= Problem =
An exact restatement of the data is required, with the images omitted.

= Material provided =
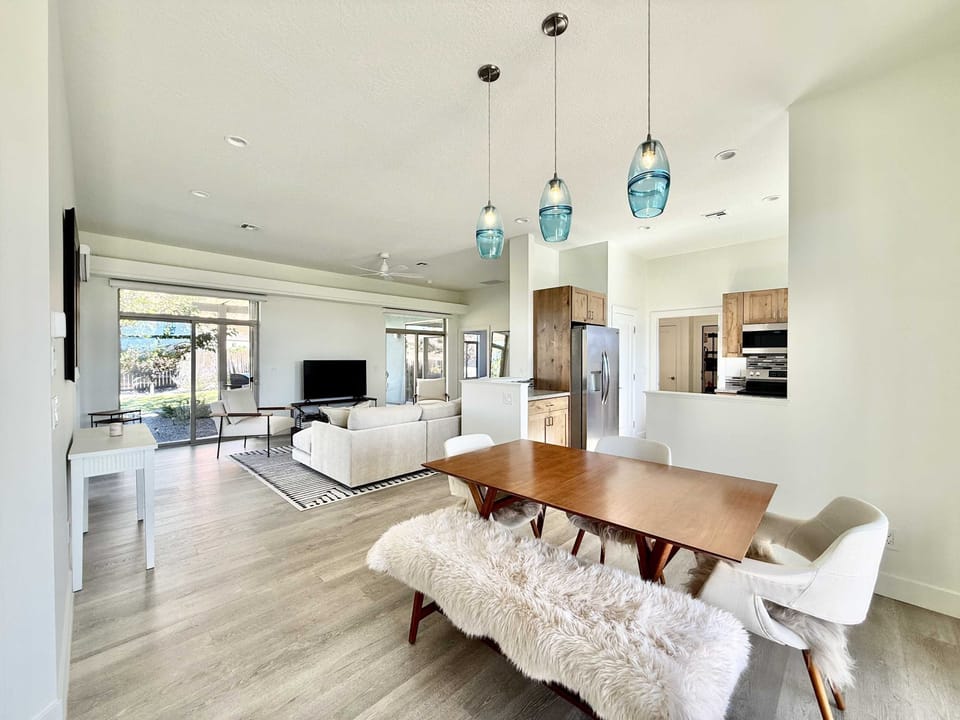 Desert Bloom has a convenient layout and the windows provide a bright, airy environment. 
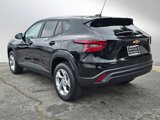 New 2025 Chevrolet Trax LS w/ LS Convenience Package image 3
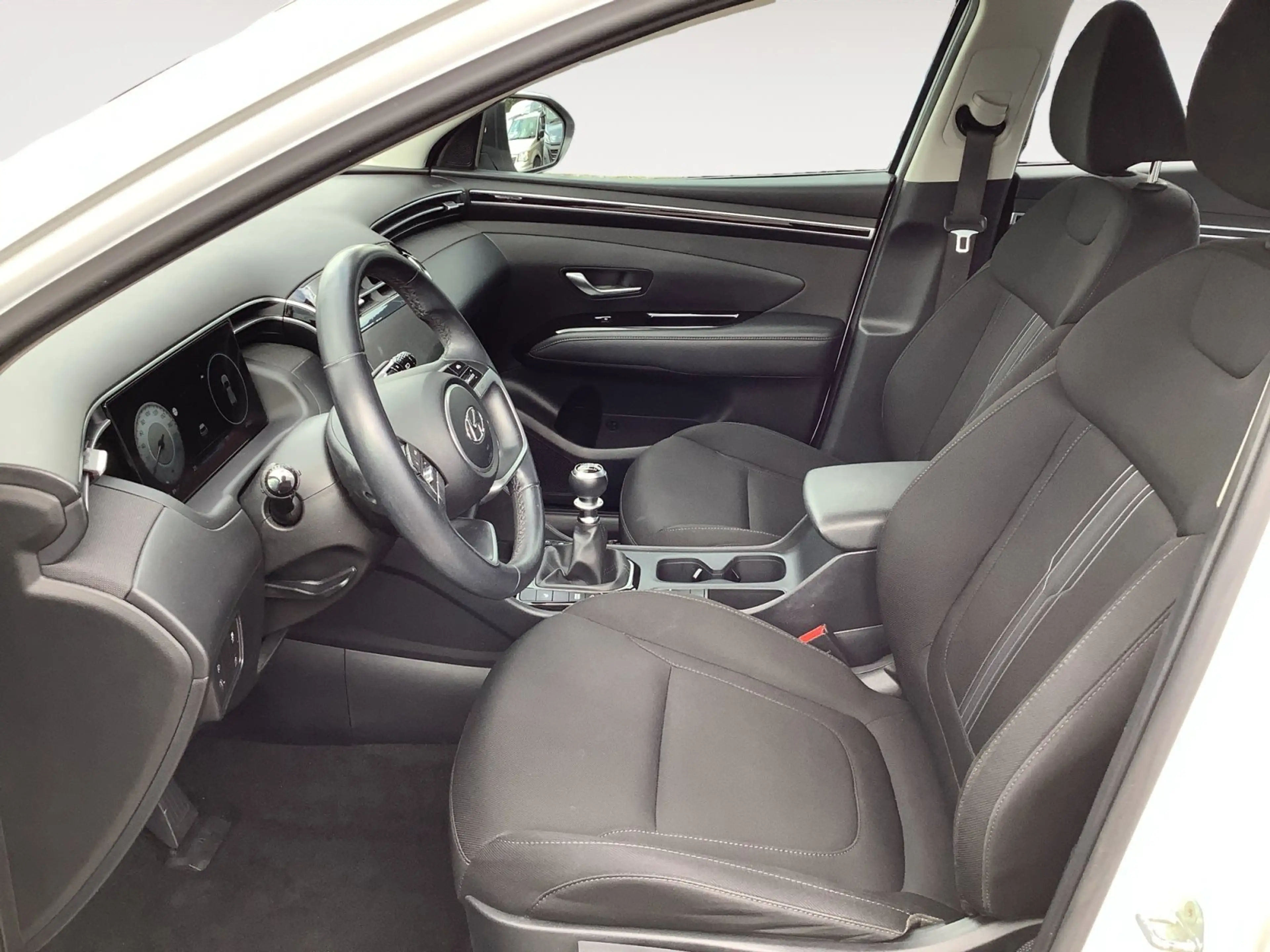 Hyundai TUCSON 1.6 GDI Turbo 150PS M/T 2WD Select|RFK|NAVI|KLIMA| — photo 9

= Your solution =
 Desert Bloom has a convenient layout and the windows provide a bright, airy environment. 
 New 2025 Chevrolet Trax LS w/ LS Convenience Package image 3
 Hyundai TUCSON 1.6 GDI Turbo 150PS M/T 2WD Select|RFK|NAVI|KLIMA| — photo 9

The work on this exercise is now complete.